Abstract
Aim: To systematically investigate the effects of a class of curcumin-based compounds on cancer cell viability, proliferation, and apoptosis. Materials and Methods: Cytotoxicity and anti-proliferative potency were estimated by the trypan blue exclusion assay and WST-1 cell proliferation assay, respectively. Cell death pathways were discriminated according to plasma membrane integrity and lipid asymmetry cell profiles using a F2N12S and CYTOX AADvanced double staining flow cytometry-based assay. Results: Nine compounds (2-10) exhibit 13- to 58-fold better cytotoxic and anti-proliferative potencies than curcumin towards HeLa cells. In this cervical cancer cell model, dienone and 1-methylpiperidone serve as the favorable central linkers; 5-methylisoxazol-3-yl and 3-methylisoxazol-5-yl act as the optimal terminal aromatic moiety. Finally, the effects of compounds 6 and 10 on HeLa cells' plasma membrane integrity and lipid asymmetry suggest that the early cytotoxic effect of these compounds is due to a stimulation of apoptosis.
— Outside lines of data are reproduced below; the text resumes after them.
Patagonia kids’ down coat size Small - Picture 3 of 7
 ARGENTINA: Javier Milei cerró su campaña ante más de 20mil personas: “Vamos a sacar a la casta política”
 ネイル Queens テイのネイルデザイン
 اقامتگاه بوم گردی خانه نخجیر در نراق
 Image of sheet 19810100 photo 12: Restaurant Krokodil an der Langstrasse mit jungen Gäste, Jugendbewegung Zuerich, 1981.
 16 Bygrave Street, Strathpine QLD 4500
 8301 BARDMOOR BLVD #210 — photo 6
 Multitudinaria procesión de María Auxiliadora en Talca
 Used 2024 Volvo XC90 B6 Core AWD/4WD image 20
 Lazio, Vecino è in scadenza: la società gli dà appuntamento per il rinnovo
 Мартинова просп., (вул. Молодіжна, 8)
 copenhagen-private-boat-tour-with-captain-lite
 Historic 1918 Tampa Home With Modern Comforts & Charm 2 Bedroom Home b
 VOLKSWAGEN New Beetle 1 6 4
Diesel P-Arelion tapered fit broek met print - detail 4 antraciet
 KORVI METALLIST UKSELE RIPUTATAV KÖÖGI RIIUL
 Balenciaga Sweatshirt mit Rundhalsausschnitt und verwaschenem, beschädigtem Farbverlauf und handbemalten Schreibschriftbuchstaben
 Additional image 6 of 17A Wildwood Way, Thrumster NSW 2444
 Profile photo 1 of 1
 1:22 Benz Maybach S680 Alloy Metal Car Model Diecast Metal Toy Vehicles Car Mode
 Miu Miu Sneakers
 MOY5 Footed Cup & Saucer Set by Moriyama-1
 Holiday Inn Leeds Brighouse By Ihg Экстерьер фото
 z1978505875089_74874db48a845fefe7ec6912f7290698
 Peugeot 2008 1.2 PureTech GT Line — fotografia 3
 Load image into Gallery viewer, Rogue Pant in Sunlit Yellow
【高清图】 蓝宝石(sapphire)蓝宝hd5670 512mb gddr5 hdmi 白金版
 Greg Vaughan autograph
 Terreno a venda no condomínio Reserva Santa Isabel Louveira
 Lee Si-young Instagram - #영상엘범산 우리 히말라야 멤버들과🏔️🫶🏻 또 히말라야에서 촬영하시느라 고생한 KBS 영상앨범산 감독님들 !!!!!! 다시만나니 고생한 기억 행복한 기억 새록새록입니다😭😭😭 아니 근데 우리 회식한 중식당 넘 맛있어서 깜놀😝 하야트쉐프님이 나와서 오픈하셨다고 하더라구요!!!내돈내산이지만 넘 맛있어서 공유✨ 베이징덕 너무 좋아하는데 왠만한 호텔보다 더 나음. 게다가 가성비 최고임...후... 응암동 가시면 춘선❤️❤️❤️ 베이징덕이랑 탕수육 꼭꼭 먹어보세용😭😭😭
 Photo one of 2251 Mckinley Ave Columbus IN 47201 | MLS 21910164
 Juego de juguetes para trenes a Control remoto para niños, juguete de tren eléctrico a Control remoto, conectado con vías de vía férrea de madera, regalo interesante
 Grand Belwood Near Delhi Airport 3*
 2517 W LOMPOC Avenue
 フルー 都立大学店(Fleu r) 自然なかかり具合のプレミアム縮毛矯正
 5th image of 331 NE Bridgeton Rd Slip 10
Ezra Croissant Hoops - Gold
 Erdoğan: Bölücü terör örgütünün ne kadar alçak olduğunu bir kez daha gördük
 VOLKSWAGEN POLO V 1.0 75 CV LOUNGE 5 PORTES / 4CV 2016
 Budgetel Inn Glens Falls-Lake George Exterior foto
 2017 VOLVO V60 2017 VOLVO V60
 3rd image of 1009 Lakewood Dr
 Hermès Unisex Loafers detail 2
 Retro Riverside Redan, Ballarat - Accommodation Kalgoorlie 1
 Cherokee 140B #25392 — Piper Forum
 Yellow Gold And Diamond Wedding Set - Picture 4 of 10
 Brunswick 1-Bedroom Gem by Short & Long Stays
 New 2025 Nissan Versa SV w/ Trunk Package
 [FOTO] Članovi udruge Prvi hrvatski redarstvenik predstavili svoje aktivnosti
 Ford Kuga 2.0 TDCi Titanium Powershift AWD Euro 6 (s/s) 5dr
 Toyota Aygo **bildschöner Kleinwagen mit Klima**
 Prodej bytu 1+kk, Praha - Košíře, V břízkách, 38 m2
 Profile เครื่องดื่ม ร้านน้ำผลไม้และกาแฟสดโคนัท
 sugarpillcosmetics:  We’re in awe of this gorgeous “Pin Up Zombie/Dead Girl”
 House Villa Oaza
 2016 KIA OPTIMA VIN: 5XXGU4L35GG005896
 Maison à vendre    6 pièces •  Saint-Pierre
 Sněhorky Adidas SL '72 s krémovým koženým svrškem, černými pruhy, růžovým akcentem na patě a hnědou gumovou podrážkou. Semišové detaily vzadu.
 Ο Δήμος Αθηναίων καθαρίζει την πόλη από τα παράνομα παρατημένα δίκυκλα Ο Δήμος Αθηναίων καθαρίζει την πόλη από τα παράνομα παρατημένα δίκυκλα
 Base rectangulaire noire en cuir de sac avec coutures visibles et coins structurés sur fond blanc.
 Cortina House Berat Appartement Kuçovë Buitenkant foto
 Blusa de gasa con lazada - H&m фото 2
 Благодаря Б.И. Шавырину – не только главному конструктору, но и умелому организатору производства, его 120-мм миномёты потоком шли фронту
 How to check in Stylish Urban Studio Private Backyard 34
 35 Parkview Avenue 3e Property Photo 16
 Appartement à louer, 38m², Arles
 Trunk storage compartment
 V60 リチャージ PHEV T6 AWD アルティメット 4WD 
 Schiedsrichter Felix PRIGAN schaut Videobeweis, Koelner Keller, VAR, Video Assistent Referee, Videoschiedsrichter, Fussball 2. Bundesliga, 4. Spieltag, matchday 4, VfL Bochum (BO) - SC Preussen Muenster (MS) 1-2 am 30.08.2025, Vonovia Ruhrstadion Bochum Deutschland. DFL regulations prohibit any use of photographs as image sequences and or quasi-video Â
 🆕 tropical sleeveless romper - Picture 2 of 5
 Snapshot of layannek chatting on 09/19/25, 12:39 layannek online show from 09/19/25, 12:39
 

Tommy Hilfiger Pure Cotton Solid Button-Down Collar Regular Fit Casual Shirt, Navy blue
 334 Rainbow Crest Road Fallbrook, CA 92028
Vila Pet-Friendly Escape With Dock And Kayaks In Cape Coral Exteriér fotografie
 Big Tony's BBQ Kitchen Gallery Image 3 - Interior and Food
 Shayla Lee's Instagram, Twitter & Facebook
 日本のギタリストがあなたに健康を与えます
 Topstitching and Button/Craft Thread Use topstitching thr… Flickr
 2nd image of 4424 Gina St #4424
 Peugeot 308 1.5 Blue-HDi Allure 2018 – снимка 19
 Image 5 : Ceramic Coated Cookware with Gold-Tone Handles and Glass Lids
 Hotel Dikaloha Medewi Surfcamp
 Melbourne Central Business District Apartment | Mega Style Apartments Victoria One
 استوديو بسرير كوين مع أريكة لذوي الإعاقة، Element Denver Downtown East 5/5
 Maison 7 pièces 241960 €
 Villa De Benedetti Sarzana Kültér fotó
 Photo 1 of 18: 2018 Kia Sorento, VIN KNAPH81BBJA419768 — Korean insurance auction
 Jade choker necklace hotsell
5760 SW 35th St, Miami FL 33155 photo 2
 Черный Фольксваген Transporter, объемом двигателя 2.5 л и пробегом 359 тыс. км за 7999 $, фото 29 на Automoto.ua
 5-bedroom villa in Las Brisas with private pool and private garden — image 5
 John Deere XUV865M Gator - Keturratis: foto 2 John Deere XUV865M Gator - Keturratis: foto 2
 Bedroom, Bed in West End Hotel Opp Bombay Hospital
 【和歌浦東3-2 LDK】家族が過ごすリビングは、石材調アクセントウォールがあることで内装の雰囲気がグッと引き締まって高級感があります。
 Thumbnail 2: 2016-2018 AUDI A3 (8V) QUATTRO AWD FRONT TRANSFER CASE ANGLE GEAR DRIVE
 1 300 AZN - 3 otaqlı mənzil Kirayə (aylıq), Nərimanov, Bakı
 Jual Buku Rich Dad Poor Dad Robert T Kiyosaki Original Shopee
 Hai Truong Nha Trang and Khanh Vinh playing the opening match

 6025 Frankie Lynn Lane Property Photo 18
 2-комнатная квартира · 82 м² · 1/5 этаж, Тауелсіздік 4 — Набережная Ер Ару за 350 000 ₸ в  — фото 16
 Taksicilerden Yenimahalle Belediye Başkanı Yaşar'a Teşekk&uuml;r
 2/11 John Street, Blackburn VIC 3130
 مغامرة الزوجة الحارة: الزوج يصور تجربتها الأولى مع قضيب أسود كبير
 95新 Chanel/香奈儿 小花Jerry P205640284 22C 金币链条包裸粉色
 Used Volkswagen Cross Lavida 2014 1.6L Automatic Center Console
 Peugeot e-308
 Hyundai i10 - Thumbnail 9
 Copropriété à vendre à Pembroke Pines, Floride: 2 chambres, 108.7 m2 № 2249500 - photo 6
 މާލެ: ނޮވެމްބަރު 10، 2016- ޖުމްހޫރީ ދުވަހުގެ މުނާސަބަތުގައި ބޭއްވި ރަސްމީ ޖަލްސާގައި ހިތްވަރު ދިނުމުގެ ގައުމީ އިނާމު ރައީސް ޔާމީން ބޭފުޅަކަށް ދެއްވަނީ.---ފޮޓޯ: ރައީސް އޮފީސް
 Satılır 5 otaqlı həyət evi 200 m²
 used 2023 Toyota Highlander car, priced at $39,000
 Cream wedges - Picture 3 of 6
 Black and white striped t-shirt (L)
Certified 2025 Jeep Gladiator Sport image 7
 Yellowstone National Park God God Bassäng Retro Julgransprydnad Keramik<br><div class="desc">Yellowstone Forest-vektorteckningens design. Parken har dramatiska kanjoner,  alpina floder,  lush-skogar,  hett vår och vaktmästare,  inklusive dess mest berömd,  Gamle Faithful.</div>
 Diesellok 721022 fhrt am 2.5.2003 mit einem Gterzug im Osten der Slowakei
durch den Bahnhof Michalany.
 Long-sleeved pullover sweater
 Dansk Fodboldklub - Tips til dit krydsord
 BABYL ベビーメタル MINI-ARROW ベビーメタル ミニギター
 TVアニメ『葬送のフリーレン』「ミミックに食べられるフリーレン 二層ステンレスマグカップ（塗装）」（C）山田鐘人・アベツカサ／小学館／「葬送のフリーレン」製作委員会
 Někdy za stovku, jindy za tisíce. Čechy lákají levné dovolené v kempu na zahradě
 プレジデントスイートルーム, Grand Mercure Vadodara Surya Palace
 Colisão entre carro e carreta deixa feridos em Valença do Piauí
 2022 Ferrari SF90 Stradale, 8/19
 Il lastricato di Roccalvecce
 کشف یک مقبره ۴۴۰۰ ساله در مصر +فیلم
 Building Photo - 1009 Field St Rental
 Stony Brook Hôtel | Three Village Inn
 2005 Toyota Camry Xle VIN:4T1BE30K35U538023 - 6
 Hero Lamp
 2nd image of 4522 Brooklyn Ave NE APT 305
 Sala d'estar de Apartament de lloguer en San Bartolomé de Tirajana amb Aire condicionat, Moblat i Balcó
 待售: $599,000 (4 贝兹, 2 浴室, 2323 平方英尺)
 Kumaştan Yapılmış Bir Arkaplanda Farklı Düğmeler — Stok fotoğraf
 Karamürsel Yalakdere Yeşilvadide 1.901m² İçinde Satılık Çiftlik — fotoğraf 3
Curcumin (1, Figure 1), extracted from Curcuma longa (turmeric) of the Zingiberaceae family, represents a typical example of dietary natural products displaying a wide range of interesting medicinal properties. The low cancer incidence in Asia has been, at least partly, demonstrated to be associated with the Asian diet (including turmeric). The anticancer potential of curcumin was first reported by Kuttan and co-workers in 1985 (1). Curcumin has already entered several human clinical studies for potential prevention and treatment of cancer (2, 3) but its clinical development has been slown-down by its poor pharmacokinetic profile (4, 5). Numerous curcumin-based compounds have been explored as potential anticancer agents (6-8). Recently, we reported a class of potential curcumin-based anticancer agents, structurally characteristic of a metabolically-stable monoketone central linker and two terminal basic nitrogen-containing heteroaromatic rings (9). They exhibited better cytotoxicity than curcumin against two androgen-refractory PC-3 and DU-145 human prostate cancer cell lines. Intriguingly, the four most promising curcumin analogs were demonstrated to be more potent than curcumin also against an aggressive cervical cell line (HeLa) and showed no discernible cytotoxicity towards normal mammary epithelial cells. These results spurred us to systematically investigate i) their cytotoxicity and anti-proliferative activity towards the HeLa cell line; and ii) their inductive ability towards cell apoptosis.
Materials and Methods
Synthesis of curcumin and its analogs. Curcumin was synthesized by Claisen-Schmidt condensation of aromatic aldehyde with acetylacetone according to the procedure illustrated in the literature (10). All curcumin-based compounds were synthesized following the identical procedures, as we described elsewhere (9). The structures of the synthesized compounds were characterized by interpreting their 1H-nuclear magnetic resonance spectroscopy (NMR) data, which are consistent with those reported in the literature (9). The structures were also confirmed by comparison with the authenticated sample by thin layer chromatography using different solvent systems (dichloromethane-methanol=95:5; hexane-ethyl acetate=2:1).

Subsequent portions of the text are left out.